Litigation Trends 2021

Top 10 cases of 2021

2021 offered some reprieve from the challenges and uncertainty of 2020. Many of us were vaccinated against COVID-19, businesses reopened, and families reunited across domestic and international borders. It was an equally eventful year in Canadian courts. From the third installment of the Supreme Court of Canada’s “Good Faith Trilogy” to developments in anti-SLAPP litigation, there was no shortage of precedent-setting caselaw this year.

The Top 10 cases of 2021

1. Contract is (mostly) king: Wastech and Corner Brook

The Supreme Court of Canada’s decisions in Wastech v. Greater Vancouver Sewerage and Drainage District and Corner Brook (City) v. Bailey clarified important principles of contract law and moved the dial towards greater harmonization and commercial certainty in contractual interpretation.

In Wastech v. Greater Vancouver Sewerage and Drainage District, the Supreme Court clarified the scope of the duty to exercise contractual discretion in good faith1. The court confirmed that the duty to exercise discretion in good faith is a general doctrine of contract law, and that it will be breached when a discretionary power is exercised in a manner unconnected to the purpose for which it was granted.
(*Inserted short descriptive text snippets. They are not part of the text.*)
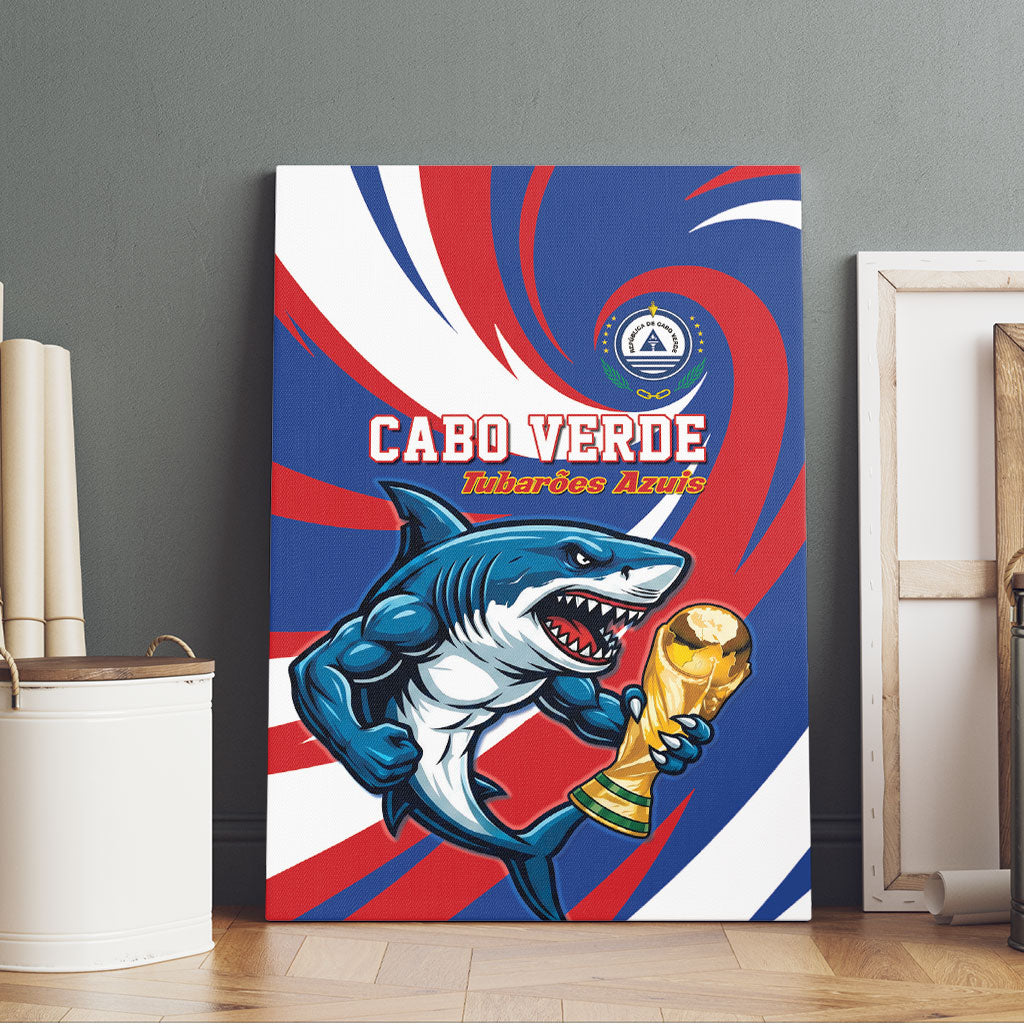 World Football 2026 Cabo Verde Canvas Wall Art Blue Shark Champions Trophy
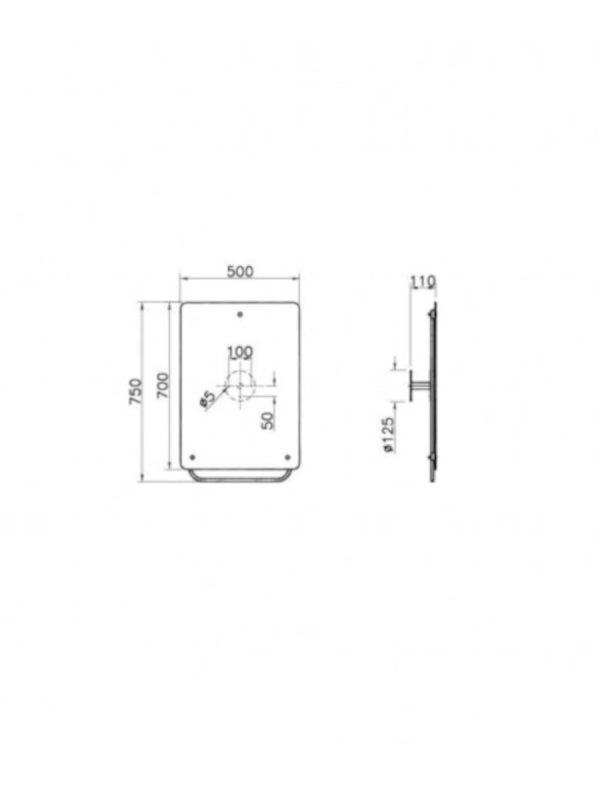 Ogledalo Vitra 320-113 50x75cm sa regulacijom nagiba, za osobe sa posebnim potrebama - Slika 3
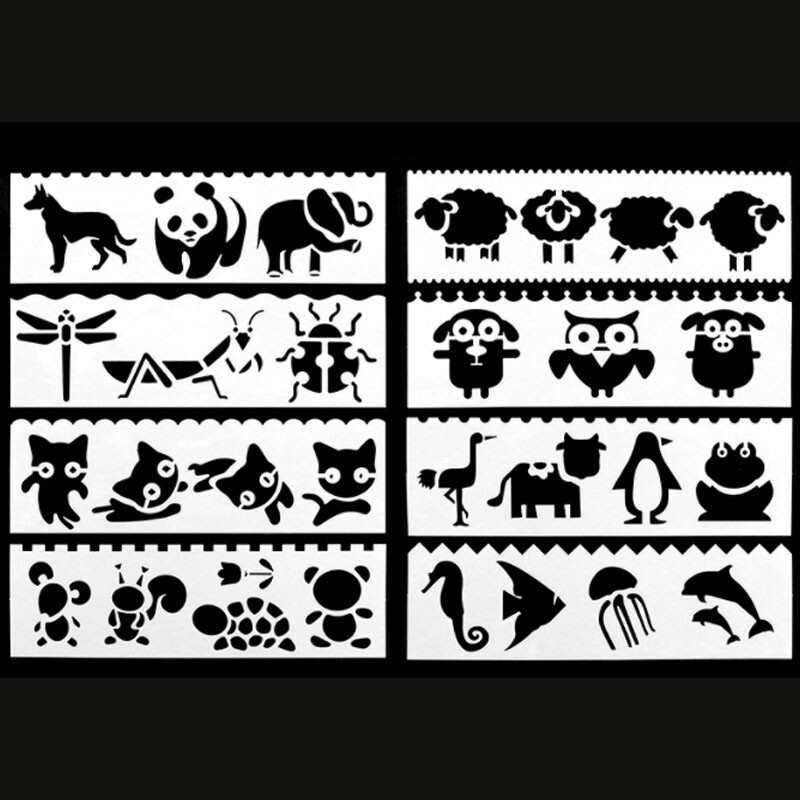 Χαριτωμένα στένσιλ σε σχήμα ζώου DIY Ζωγραφική Scrapbooking Χρώμα Ανάγλυφο άλμπουμ Διακοσμητική κάρτα Κοίλο Πρότυπο 8 τμχ/Σετ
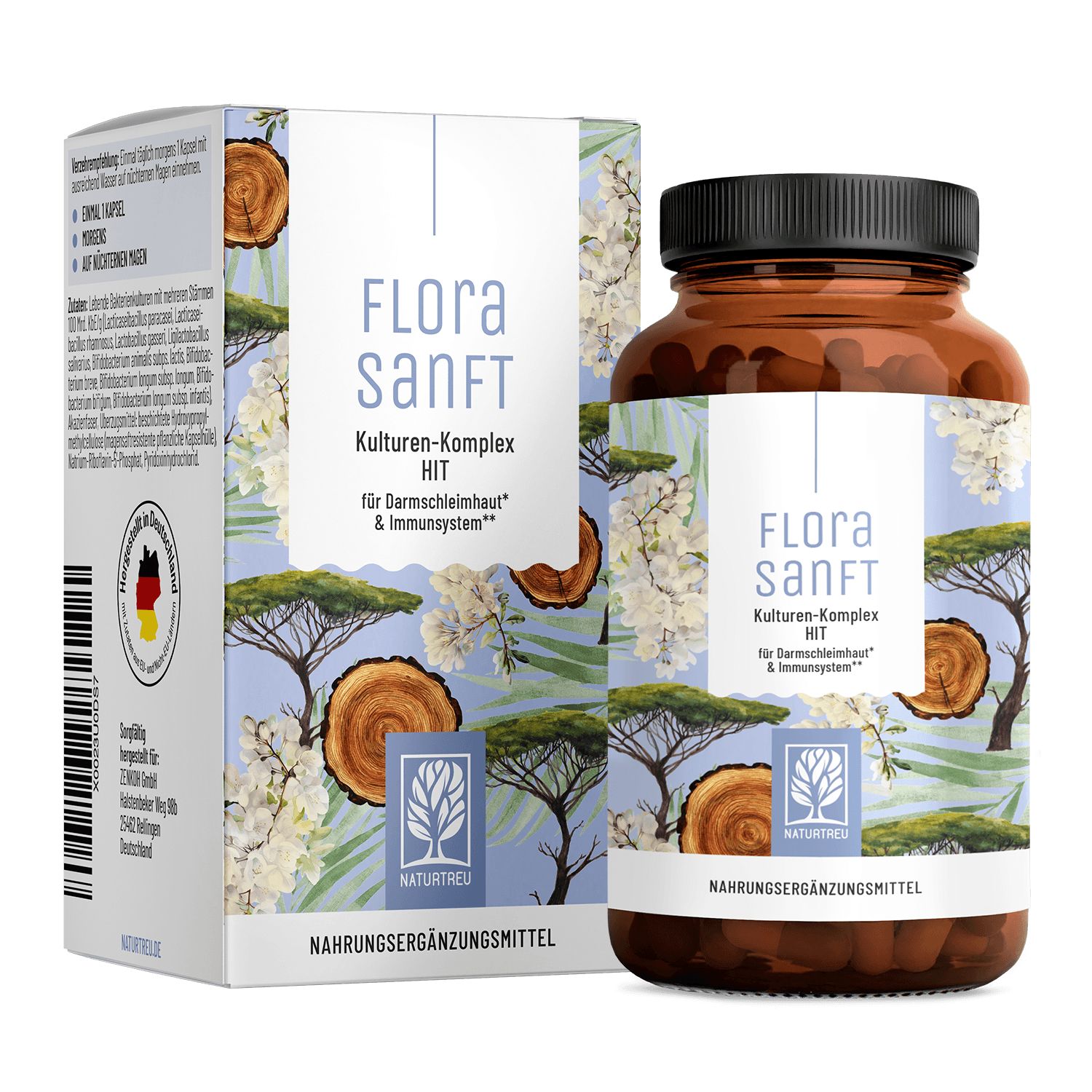 FLORASANFT Kulturen-Komplex HIT: Flasche und Karton mit Naturmotiven.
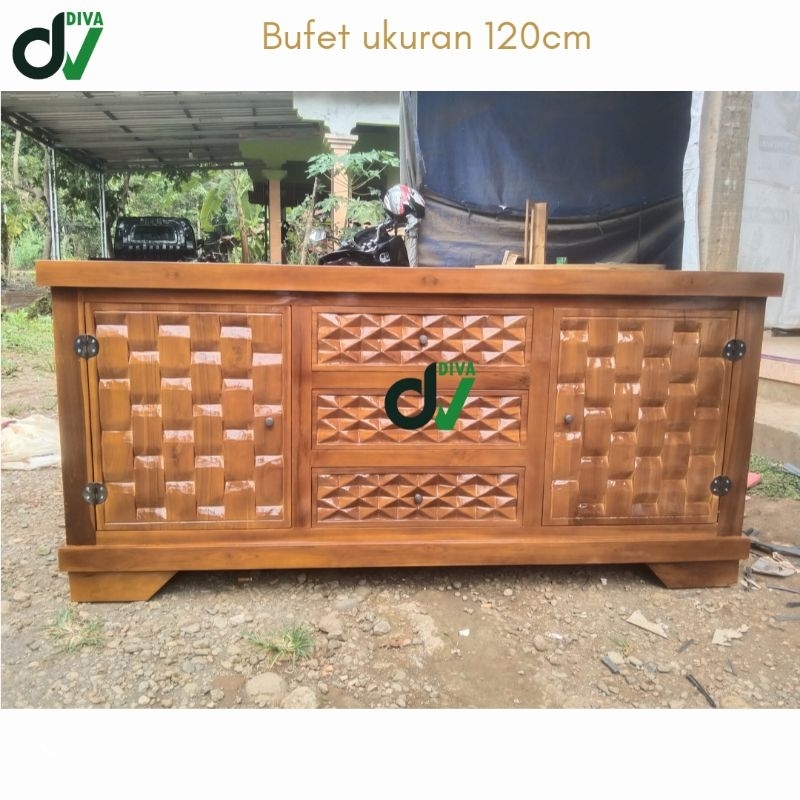 Bufet TV Jati panjang 120 cm / Tempat Aquarium Kayu Jati / Bufet Pajangan Ruang Tamu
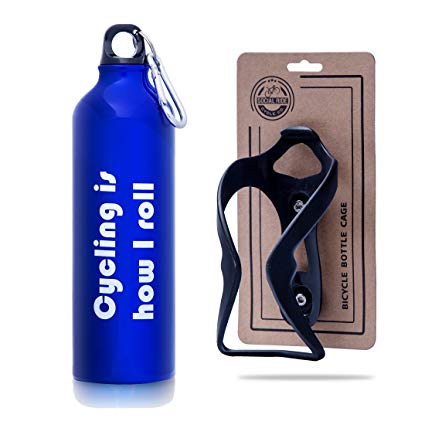 Water Bottle Holder for Bike with Aluminum Water Bottle and Cage - Bike Water Bottle and Mount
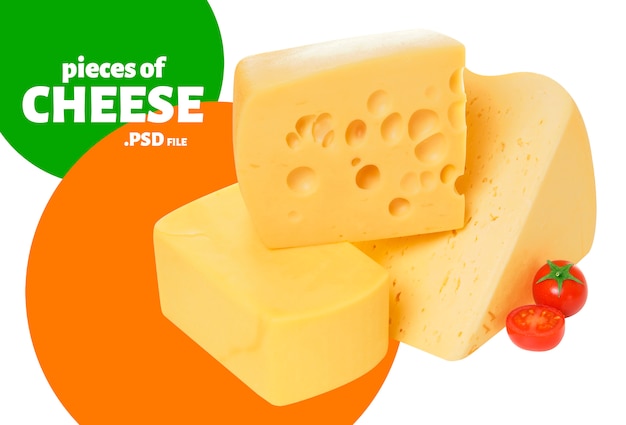 Kaas, stukjes Zwitserse emmental en gouda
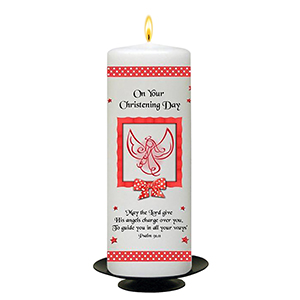 Personalised Girls Christening Candle - Cradle & Bow Pink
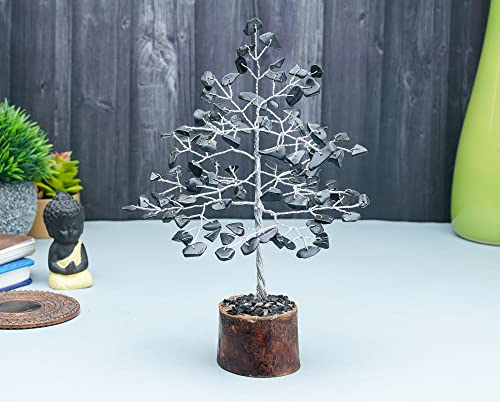 Image of ZAICUS Black Tourmaline Crystal Tree Feng Shui Bonsai 7-8 Inch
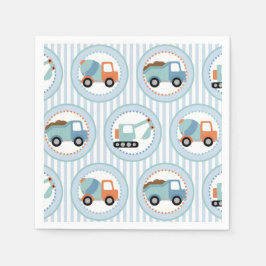 Servilleta De Papel Camiones de construcción - Blanco azul lindo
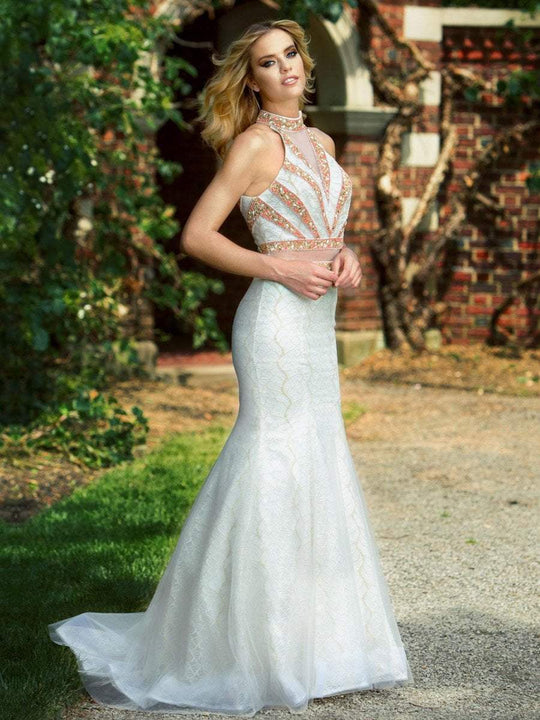 Colors Dress - 1642 High Neck Mock Two-Piece Evening Gown in White and Orange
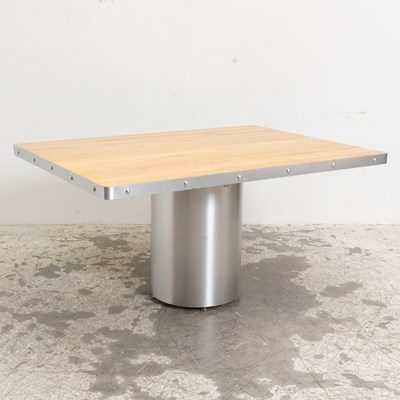 Lot 254 - Contemporary Metal and Wood Dining Table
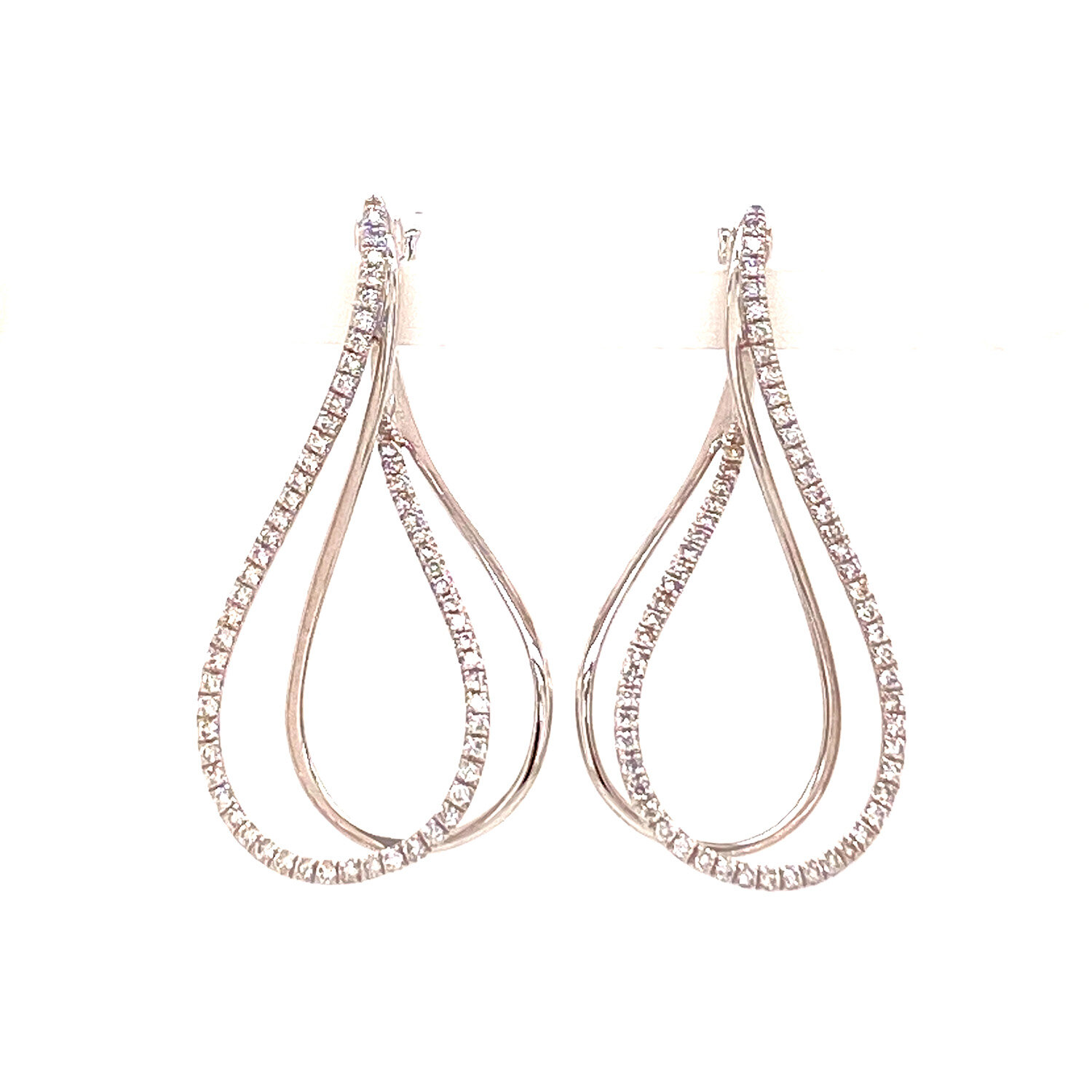 Tear Drop Shaped Diamond Earrings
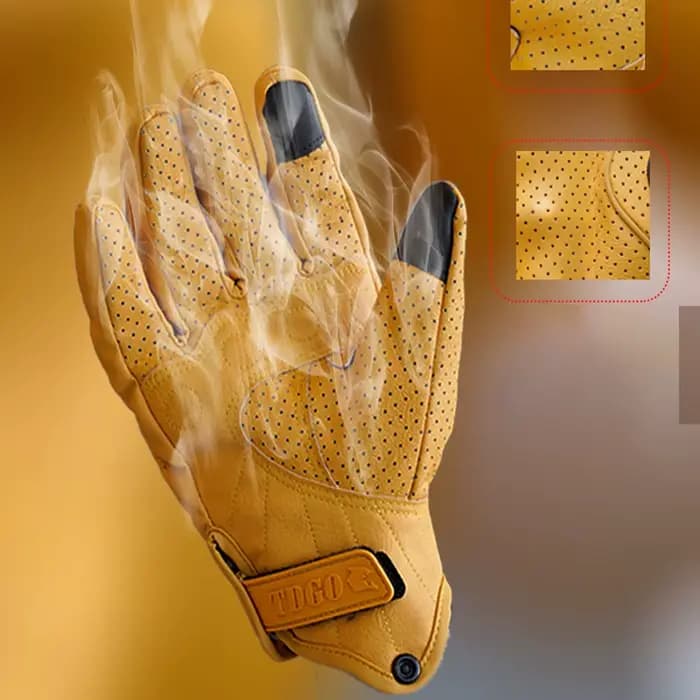 Gants de course respirants jaunes pour moto
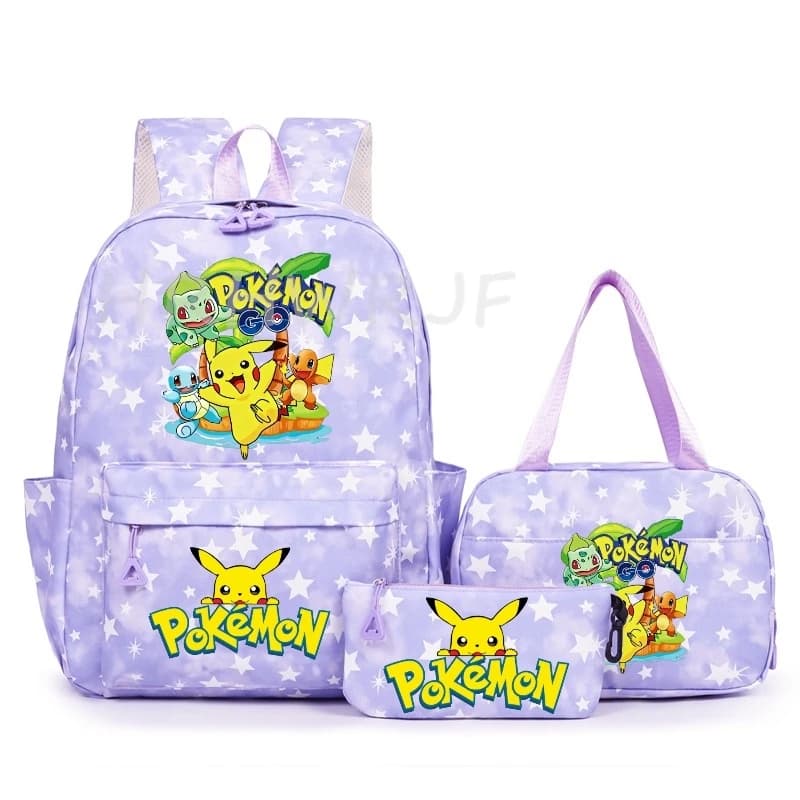 Cartoon Pikachu Backpack Women 3pcs Nylon School Bags For Teenager Girls Bookbag Lady Travel Backbag Shoulder Bag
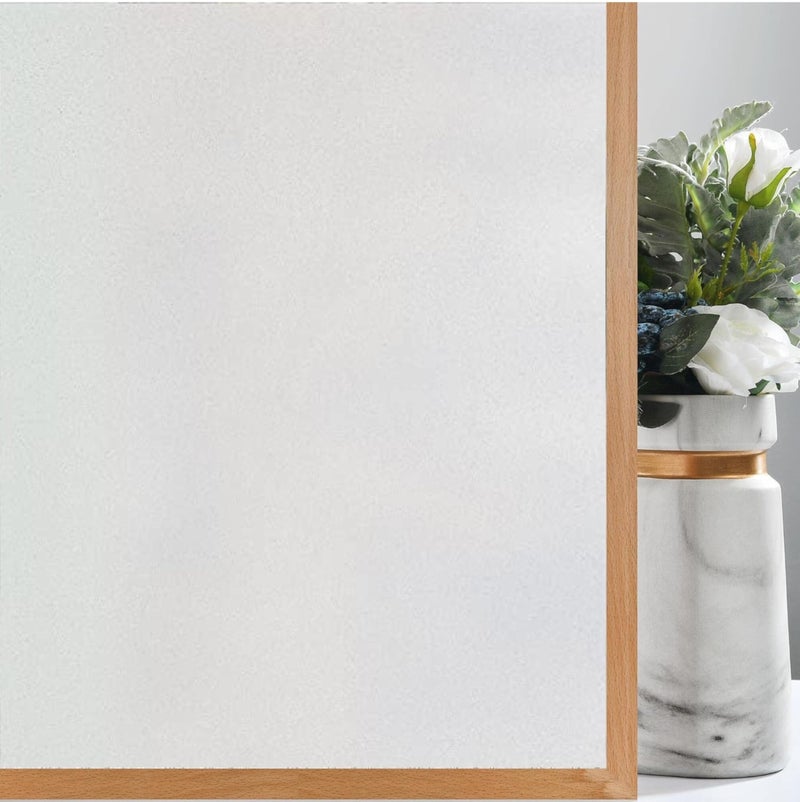 WISDOM StaticCling Frosted Glass Window Film, Bathroom Window Clings Removable Sun Blocking Vinyl Window Stickers for Door Home Office, Non Adhesive (24 by 48inches, Frosted Simple Pattern) - Image 1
The limit of discretionary power is determined through contractual interpretation, rather than general notions of fairness. The Supreme Court’s approach, based in parties’ freedom to contract, allows “some elbow-room” for the “aggressive pursuit of self-interest”2.

The Supreme Court also eliminated the 150-year-old “Blackmore Rule” which allowed courts to consider evidence of surrounding circumstances to determine the scope of a release from liability. This usually had the effect of narrowing the release. In Corner Brook (City) v. Bailey, the Supreme Court of Canada unanimously held that Blackmore should no longer be followed, and that releases should be interpreted just like any other contract3.

2. Employers win on stock awards and vaccination policies (for now): Battiston and Blake

Battiston v. Microsoft Canada Inc. and Blake v. University Health Network were cautious wins for employers on two issues that have each recently garnered attention: entitlement to unvested stock options on termination, and mandatory vaccination policies.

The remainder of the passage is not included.